**Problem to work on:** Restate every line of the data word for word, except for the images.

**Given data:**
^^^^
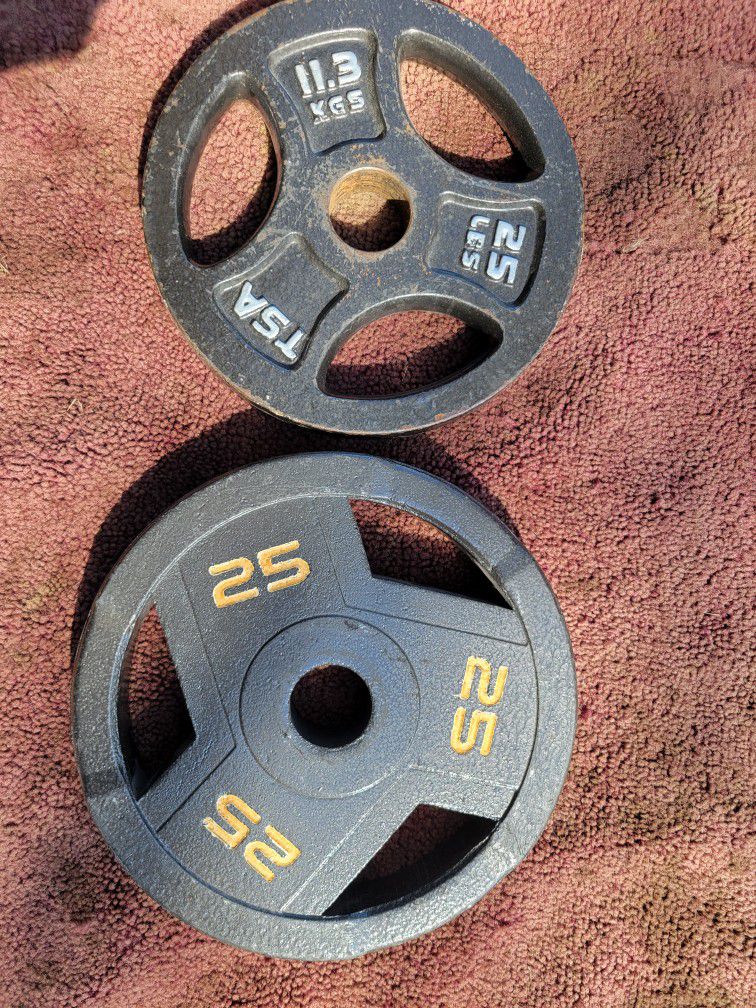 2" HOLE OLYMPIC 25LB PLATES 
MIXED BRANDS
7111.S WESTERN WALGREENS 
$35. CASH ONLY AS IS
^^^^
**Exercise result:**
 2" HOLE OLYMPIC 25LB PLATES 
MIXED BRANDS
7111.S WESTERN WALGREENS 
$35. CASH ONLY AS IS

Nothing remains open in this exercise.